Extracted records
══════

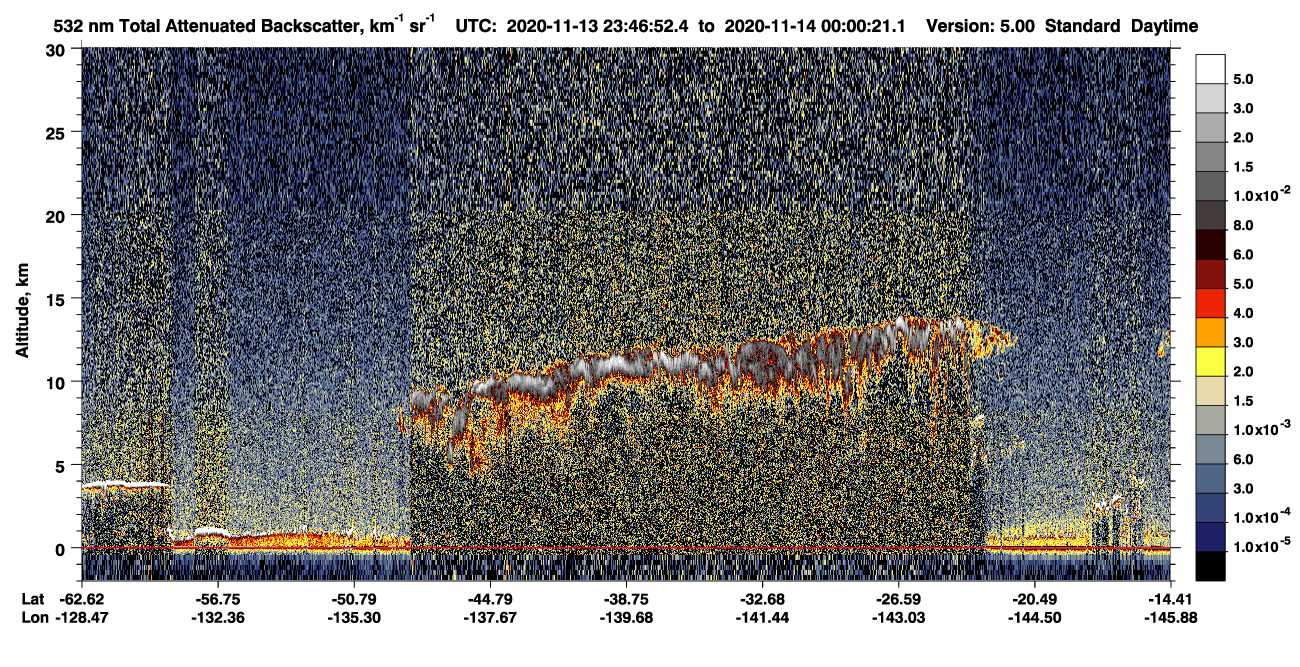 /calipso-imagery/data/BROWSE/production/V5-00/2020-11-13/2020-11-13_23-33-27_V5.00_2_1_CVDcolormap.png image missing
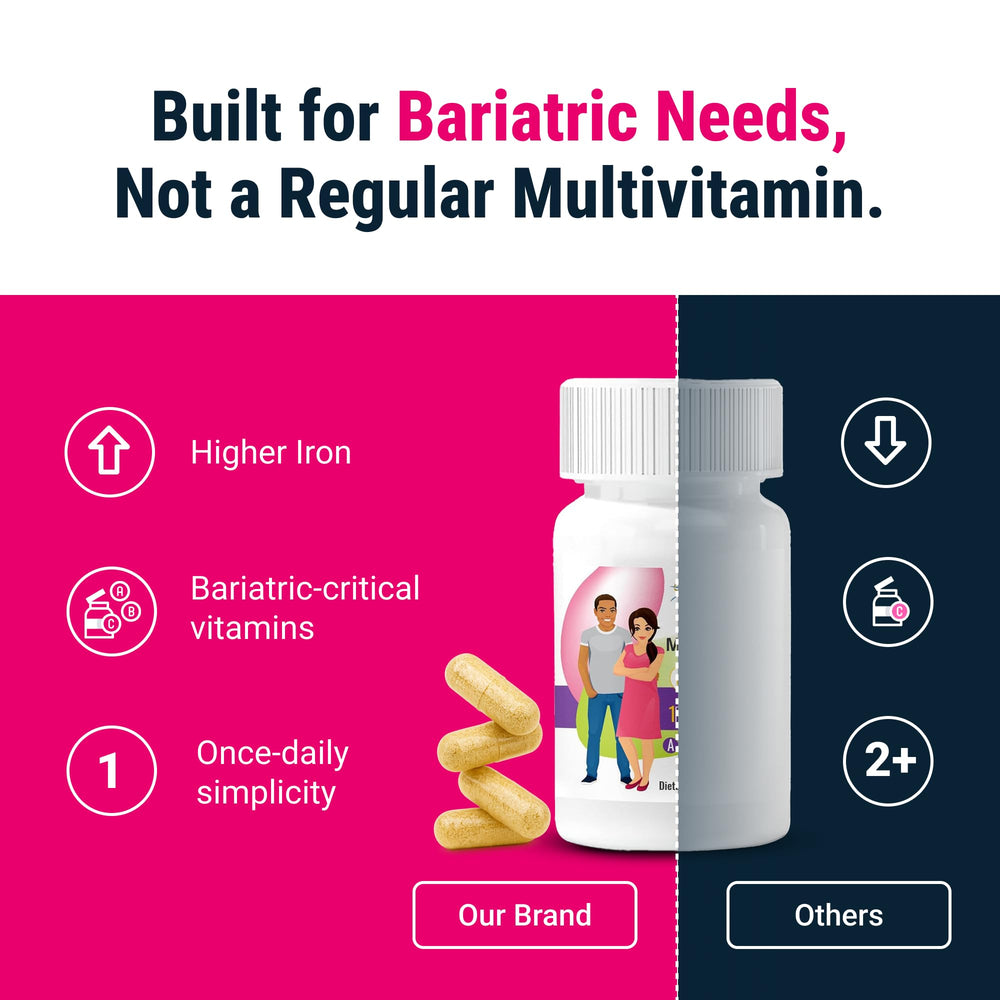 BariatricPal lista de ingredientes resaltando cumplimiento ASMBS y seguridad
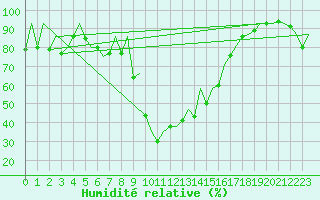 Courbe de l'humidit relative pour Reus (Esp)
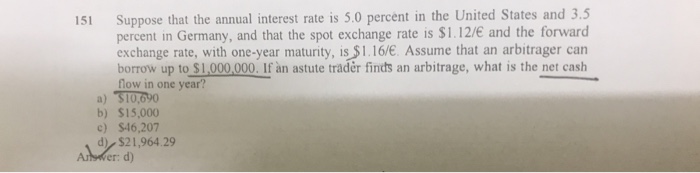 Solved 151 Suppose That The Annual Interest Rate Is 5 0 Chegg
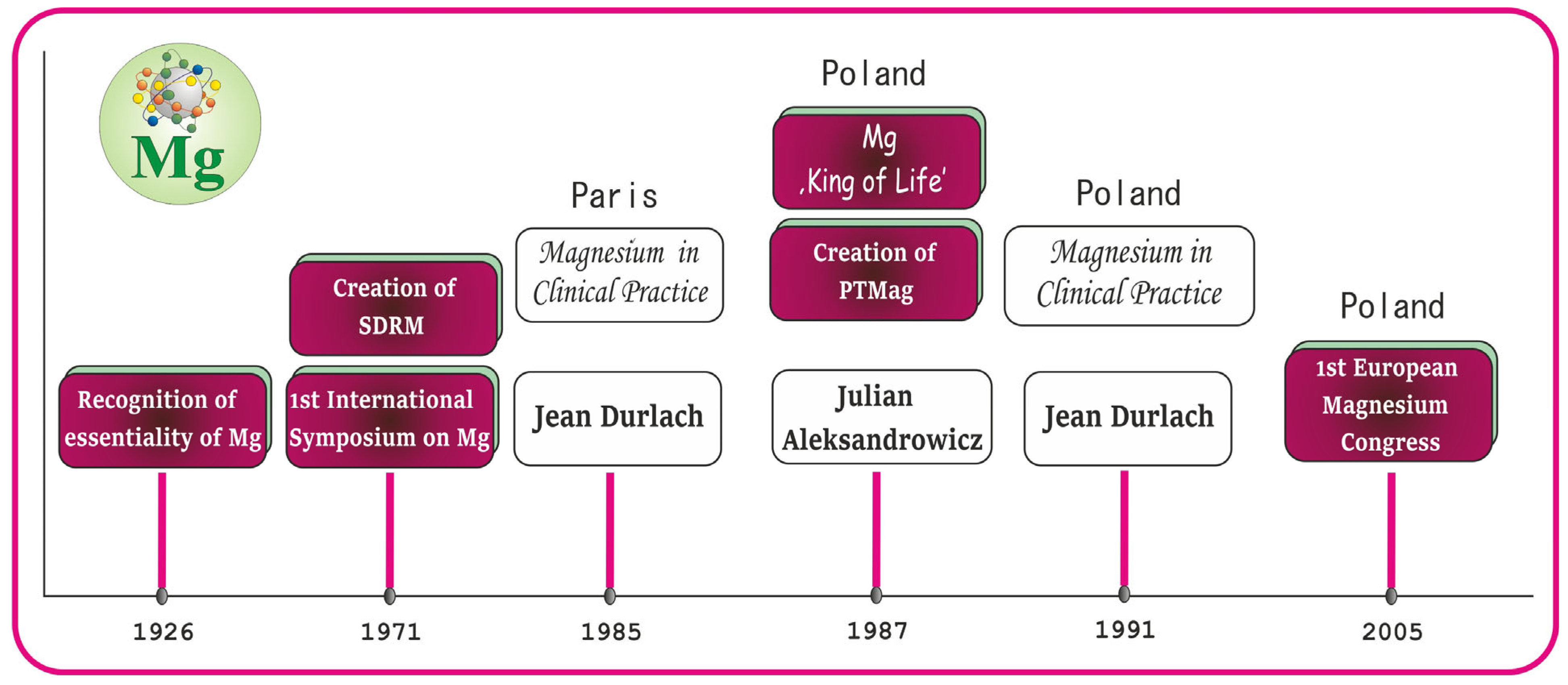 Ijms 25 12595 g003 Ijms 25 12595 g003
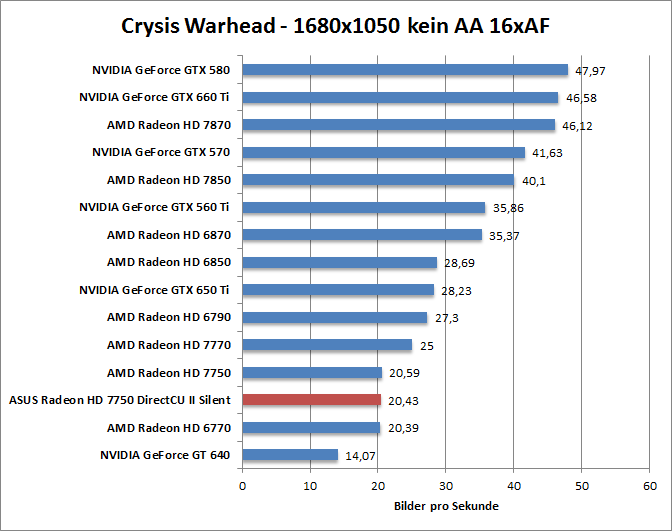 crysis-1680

══════

▶ **Exercise instructions**: Will you restate every entry word for word and omit the images?

▶ **Written solution**:
 /calipso-imagery/data/BROWSE/production/V5-00/2020-11-13/2020-11-13_23-33-27_V5.00_2_1_CVDcolormap.png image missing
 BariatricPal lista de ingredientes resaltando cumplimiento ASMBS y seguridad
 Courbe de l'humidit relative pour Reus (Esp)
 Solved 151 Suppose That The Annual Interest Rate Is 5 0 Chegg
 Ijms 25 12595 g003 Ijms 25 12595 g003
 crysis-1680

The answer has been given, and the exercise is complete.